Skip to content

Notes from Gremlin

These are my notes from the Gremlin Enterprise Chaos Engineering Certification (GECEC) course.

They're not meant to be comprehensive. They're for my personal use.


Intro to Chaos Engineering

Chaos Engieering is the practice of running thoughtful, planned experiments to identify hidden reliability risks in systems.

It helps us improve our systems by giving us a deeper understanding of how the systems work.

Chaos engineering involves injecting faults into a system (e.g., high CPU, network latency, dependency loss), observing how oursystems behave, then using that knowledge to make our systems resilient to those faults.

We identify these issues early and make our systems more fault-tolerant.

The concept came from Netflix (chaos monkey).

Why is it necessary?

Software apps in the past were large monoliths that were updated slowly and deployed on servers managed by hand. That's not the case anymore.

Today, distributed systems are full of hidden risks.

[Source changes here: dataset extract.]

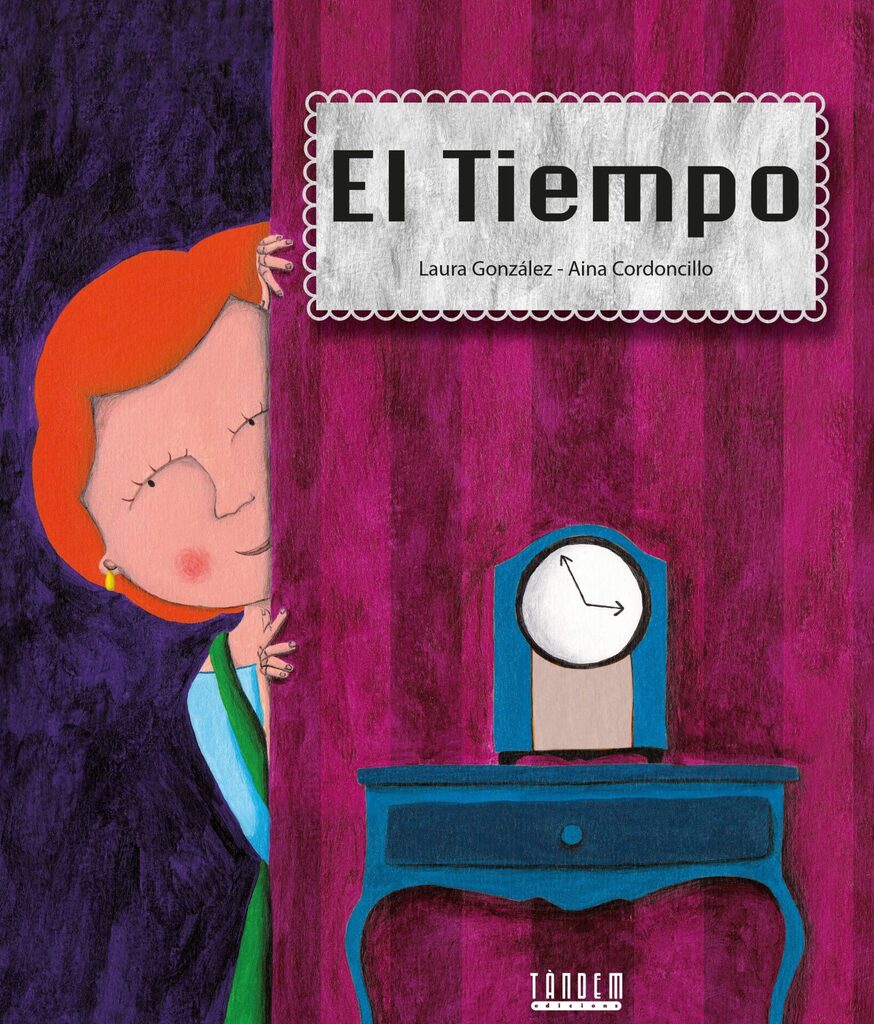 Un cuento de cigüeñas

We prefer services over monoloiths now. Services are deployed to cloud platforms and hosted on temporary infrastructure (e.g., EC2 instances).

The shift from waterfall development to agile-based development and the DevOps methodology means the systems and services are changing faster than before.

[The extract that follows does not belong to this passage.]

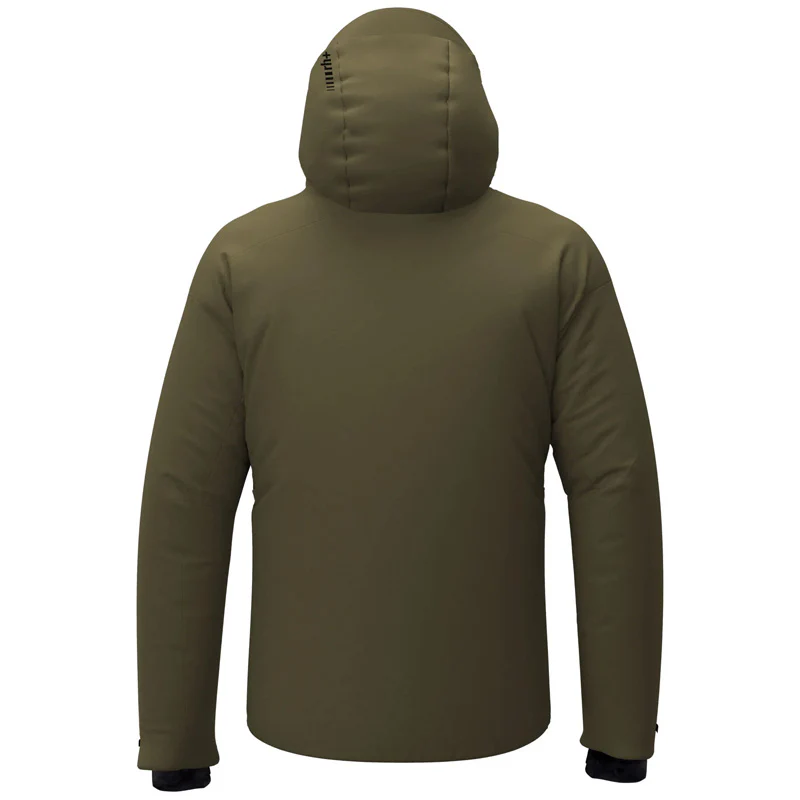 Thumb 2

Like how QA testing finds bugs in code, CE finds reliability problems that would normally go unnoticed before they turn into incidents or outages.

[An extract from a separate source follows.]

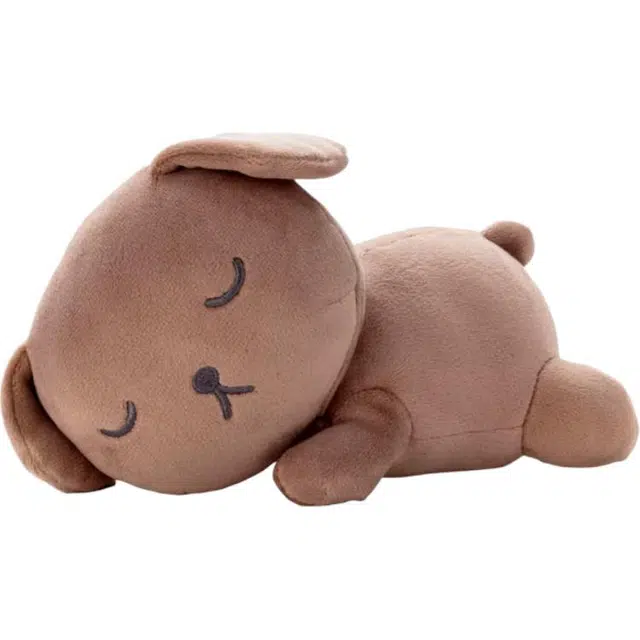 TAKARA TOMY Snuffy 12cm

These un detected risks are like a relibility minefield.

Chaos Engineering helps:

  • Discover reliability risks before an incident occurs
  • Reecreate past incidents to verify resiliency mechanisms
  • Validate runbooks and training teams to respond to incidents in a controlled environment
  • Reduce risks in large-scale initiatives (e.g., cloud migrations)
  • Reduce downtime

It's a preventative practice.

Misconceptions

  • Chaos Engineering is not about creating chaos.
    • It only creates chaos in controlled environments.
    • In the end, it reduces chaos.
  • It's not unsafe
    • Safety techniques are built in to the Chaos Engineering practice
    • E.g., target the smallest number of components needed
    • You should use a tool that lets you stop and roll back experiments immediately if something goes wrong.
  • You can do it without affecting customers
    • CE experiments should eventually be run in prod, but it's not required.
    • experiments can be done in pre-prod environments (dev, testing)
    • In prod, we can use existing techniques (canary deployments, A-B testing, dark launches) to reduce risk
  • It's easy to stop an experiment after you've started it
    • Mature CE tools have controls in place to stop experiments from becoming uncontrollable
    • E.g., setting short default time for experiments, or (hosted solutions) failing safe if the control plane loses connection to the test system

How Chaos Engineering Works

Teams perform CE by methodically injecting fault into their systems.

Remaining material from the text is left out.